WHAT IS EXPECTED →
Leave the pictures out and return every line below exactly.

DATA SECTION →

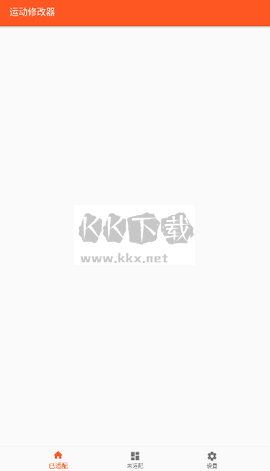 運(yùn)動(dòng)修改器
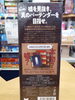 「バーテンダウト」裏側「ボードゲーム入荷情報！」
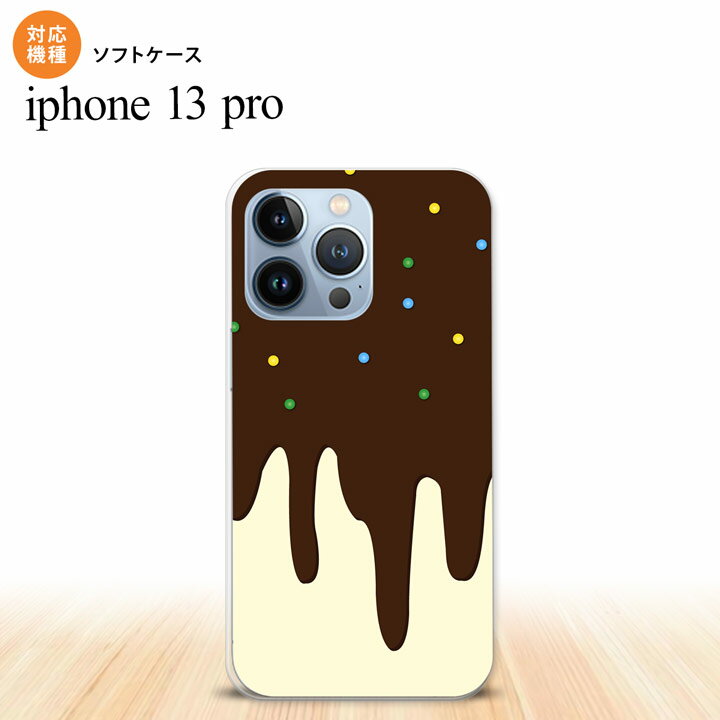 iPhone13 Pro iPhone13Pro ケース ソフトケース アイス 黄 iPhone13Pro専用 nk-i13p-tp349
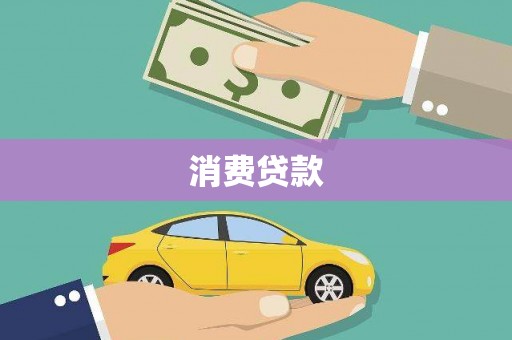 固始消费贷款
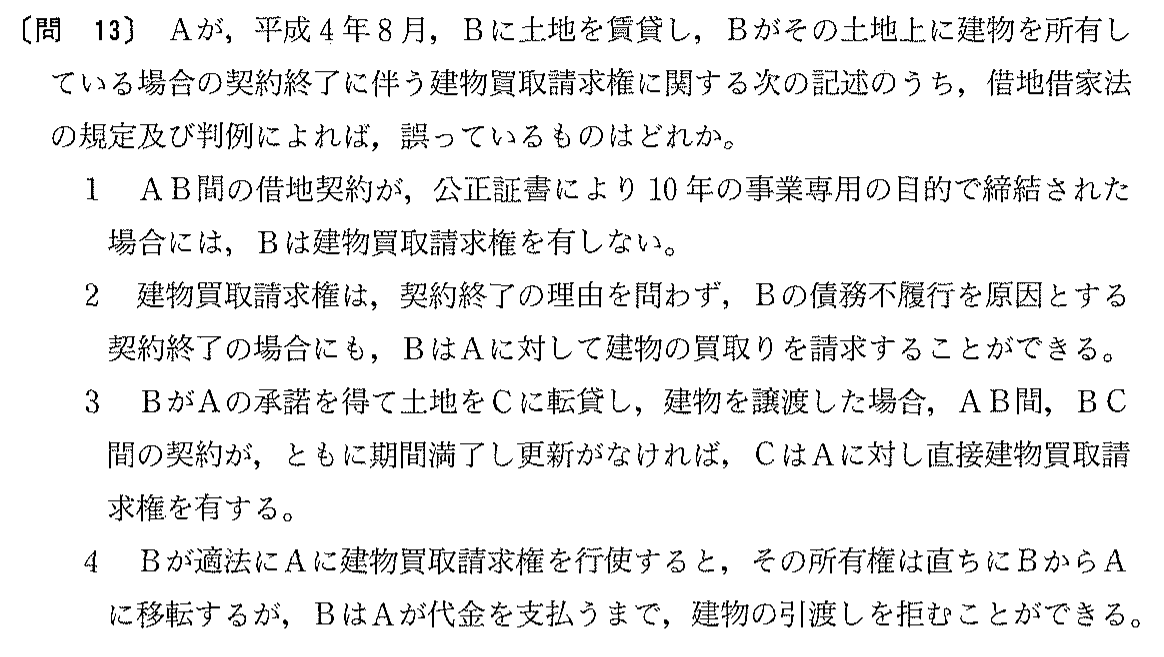 平成14年度 宅建試験 問13の問題(原本の画像)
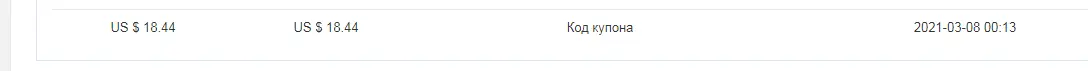 1615198064334.webp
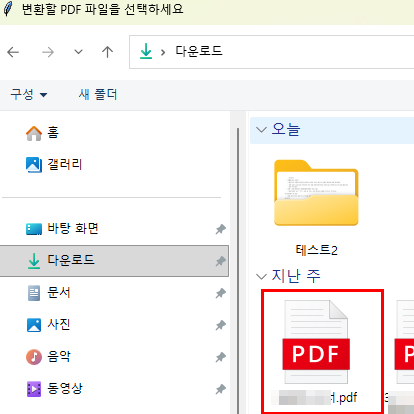 PDF파일을 이미지 파일로 변환 프로그램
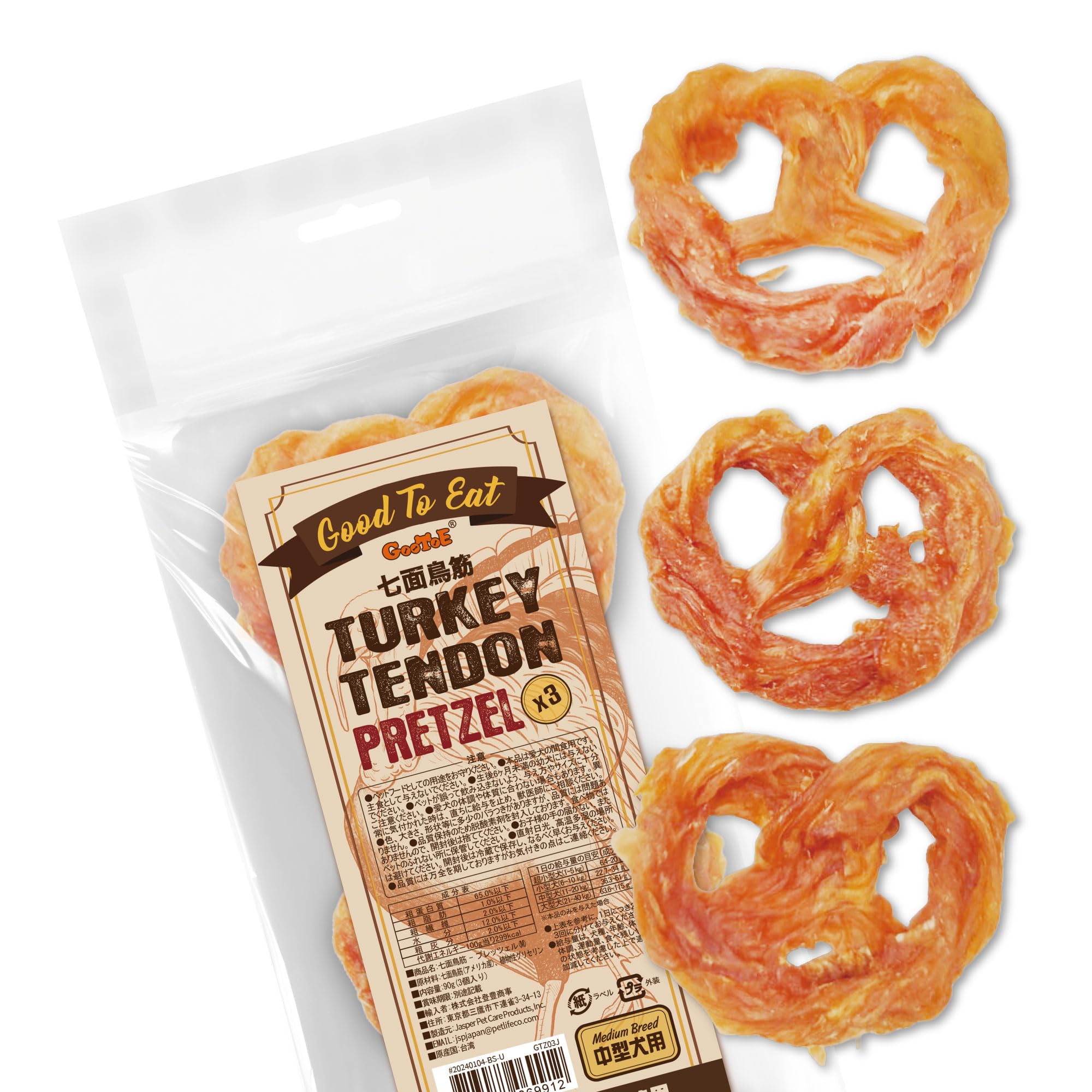 Amazon.co.jp: GooToE 犬 おやつ 無添加 ターキー アキレス 90g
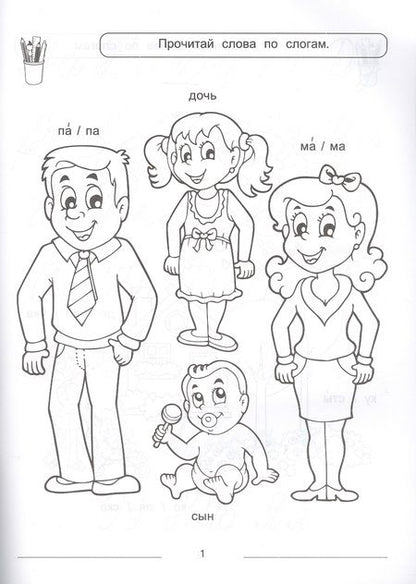 Фотография книги "Ольга Макеева: Пишем слоги и слова. Много-много игр с буквами для красивого почерка"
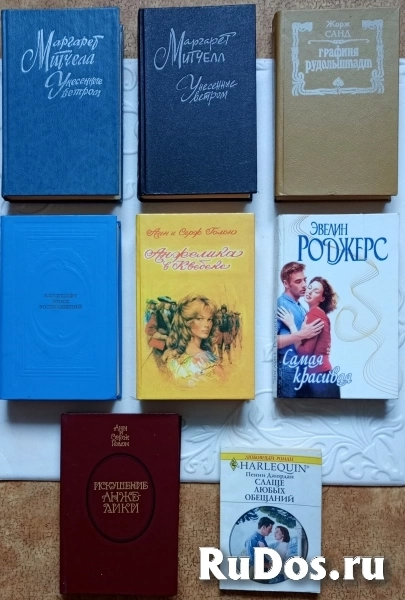 Библиотека сентиментального (любовного) романа изображение 3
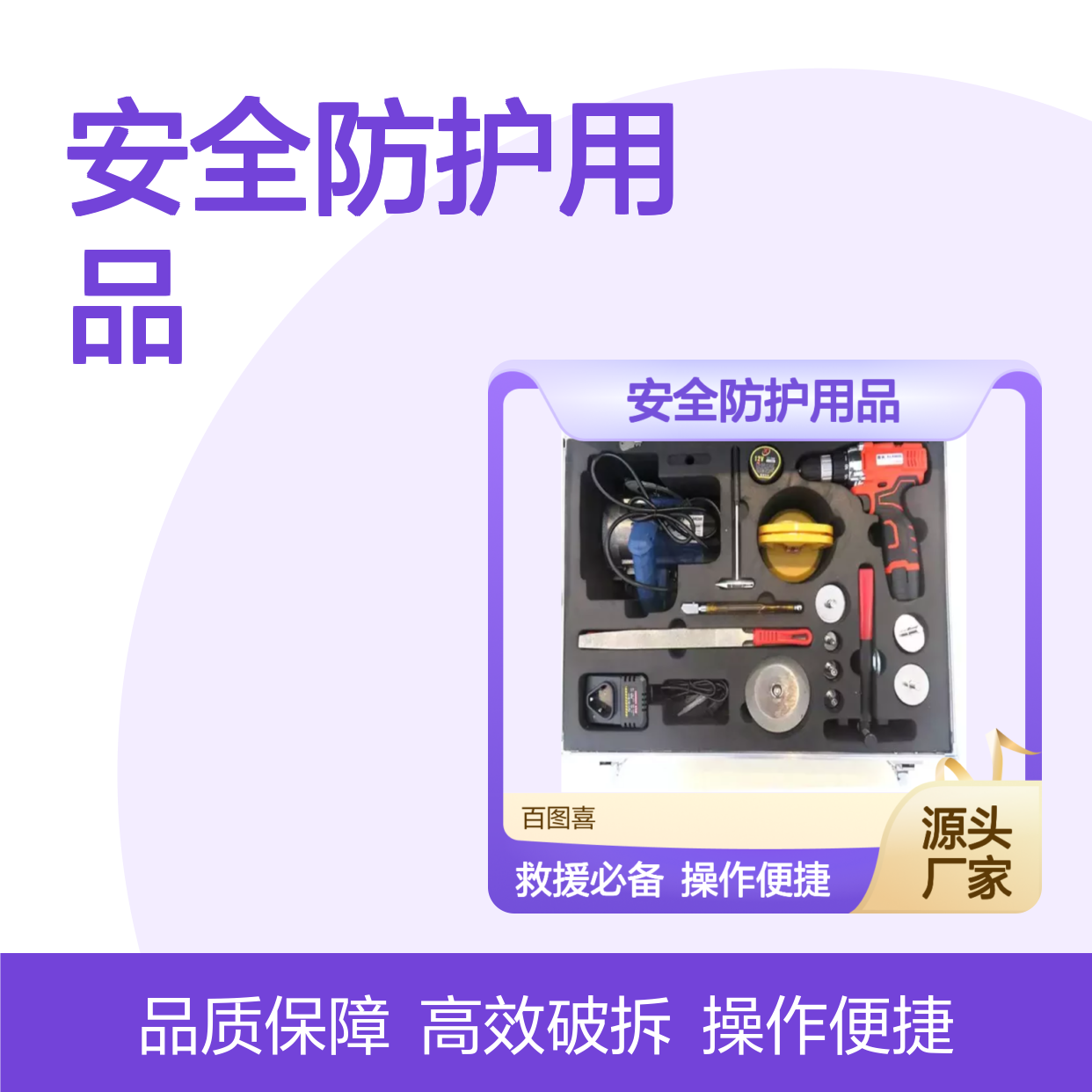 百图喜安全防护用品提供 消防救援玻璃安全切割器玻璃破碎器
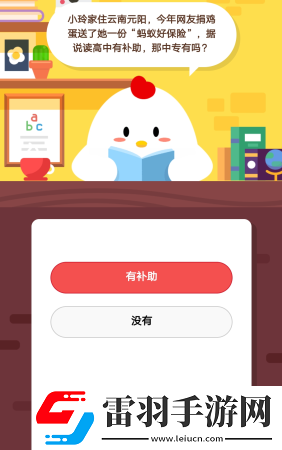 2019螞蟻莊園3月6日莊園小課堂答案螞蟻好保險(xiǎn)據(jù)說讀高中有補(bǔ)助那中專有嗎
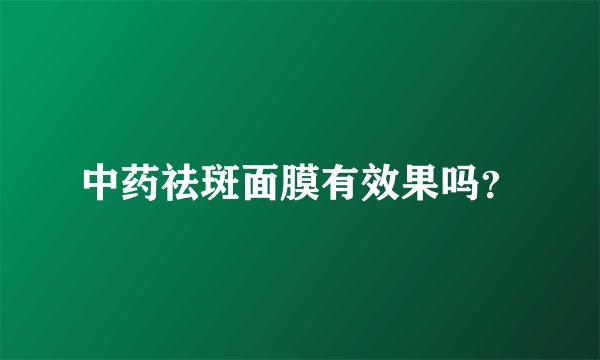 中药祛斑面膜有效果吗？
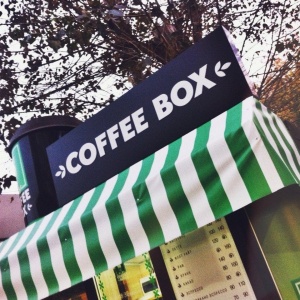 Фото от владельца Coffee Box, кофе-бар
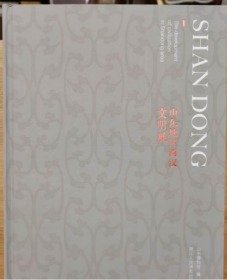 山东地区两汉文明展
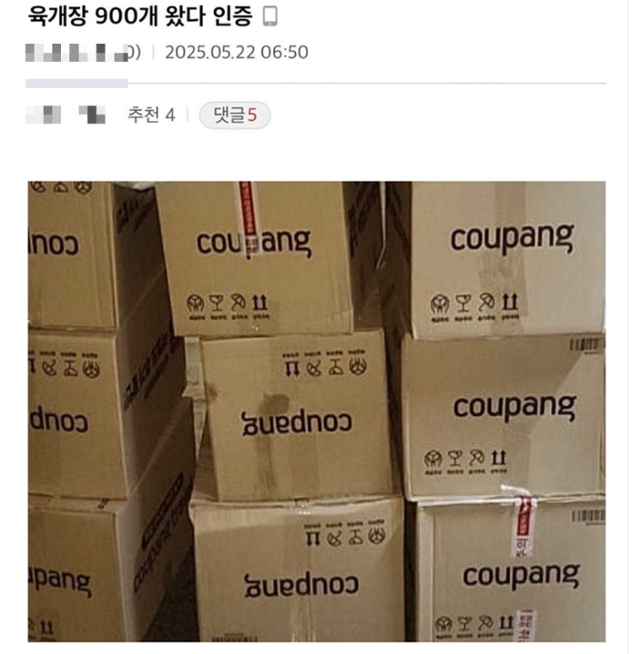 한 온라인 커뮤니티에 쿠팡에서 농심 육개장 사발면을 900개 구매했다는 글이 올라왔다. 커뮤니티 캡처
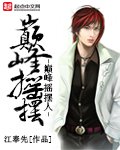 《巔峯搖擺人》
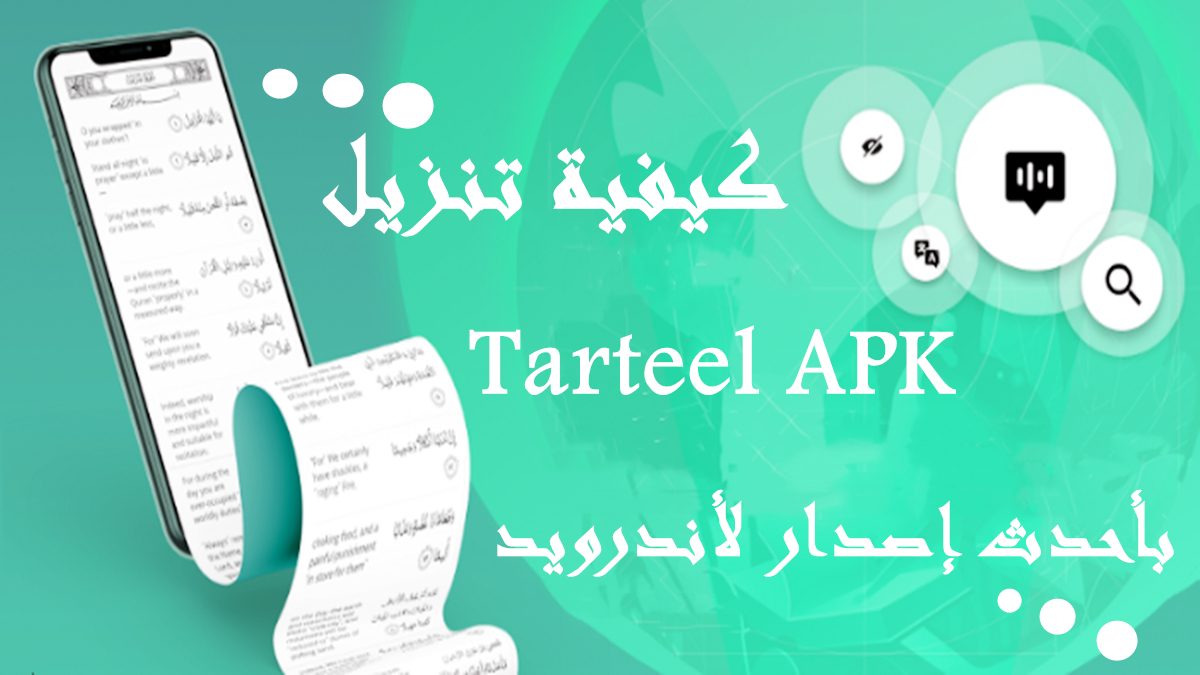كيفية تنزيل Tarteel APK بأحدث إصدار لأندرويد في 2025 image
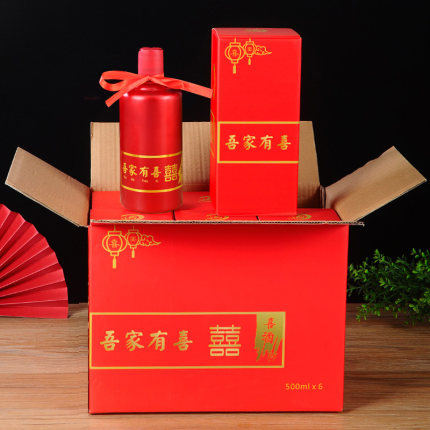 婚庆喜字酒瓶结婚家用高档酒壶白酒瓶红色喜宴一斤装空酒瓶定制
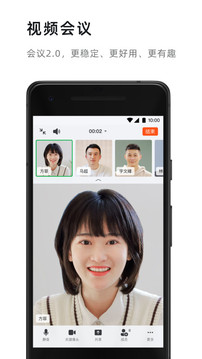 钉钉视频会议_图片3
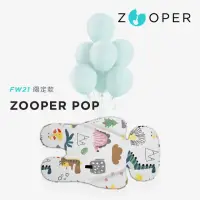 在飛比找momo購物網優惠-【Zooper】POP 冰絲涼感墊 SS24限定款(推車 汽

FINISHED TASK →
 運(yùn)動(dòng)修改器
 「バーテンダウト」裏側「ボードゲーム入荷情報！」
 iPhone13 Pro iPhone13Pro ケース ソフトケース アイス 黄 iPhone13Pro専用 nk-i13p-tp349
 固始消费贷款
 平成14年度 宅建試験 問13の問題(原本の画像)
 1615198064334.webp
 PDF파일을 이미지 파일로 변환 프로그램
 Amazon.co.jp: GooToE 犬 おやつ 無添加 ターキー アキレス 90g
 Фотография книги "Ольга Макеева: Пишем слоги и слова. Много-много игр с буквами для красивого почерка"
 Библиотека сентиментального (любовного) романа изображение 3
 百图喜安全防护用品提供 消防救援玻璃安全切割器玻璃破碎器
 2019螞蟻莊園3月6日莊園小課堂答案螞蟻好保險(xiǎn)據(jù)說讀高中有補(bǔ)助那中專有嗎
 中药祛斑面膜有效果吗？
 Фото от владельца Coffee Box, кофе-бар
 山东地区两汉文明展
 한 온라인 커뮤니티에 쿠팡에서 농심 육개장 사발면을 900개 구매했다는 글이 올라왔다. 커뮤니티 캡처
 《巔峯搖擺人》
كيفية تنزيل Tarteel APK بأحدث إصدار لأندرويد في 2025 image
 婚庆喜字酒瓶结婚家用高档酒壶白酒瓶红色喜宴一斤装空酒瓶定制
 钉钉视频会议_图片3
 在飛比找momo購物網優惠-【Zooper】POP 冰絲涼感墊 SS24限定款(推車 汽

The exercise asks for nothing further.